ASSIGNMENT: From the listing below, retype exactly the line holding "AMMAS BIRIYANI & RICE", the line holding "Prayinthedesert.com Screenshot 2024-06-16", and the lines between them; skip everything else.

MATERIALS PROVIDED Start Marker

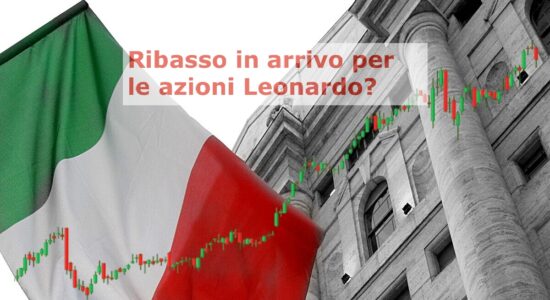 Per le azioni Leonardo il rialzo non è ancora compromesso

MATERIALS PROVIDED End Marker
MATERIALS PROVIDED Start Marker

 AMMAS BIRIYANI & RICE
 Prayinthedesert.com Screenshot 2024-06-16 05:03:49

MATERIALS PROVIDED End Marker

RESPONSE TO THIS TASK:
 AMMAS BIRIYANI & RICE
 Prayinthedesert.com Screenshot 2024-06-16 05:03:49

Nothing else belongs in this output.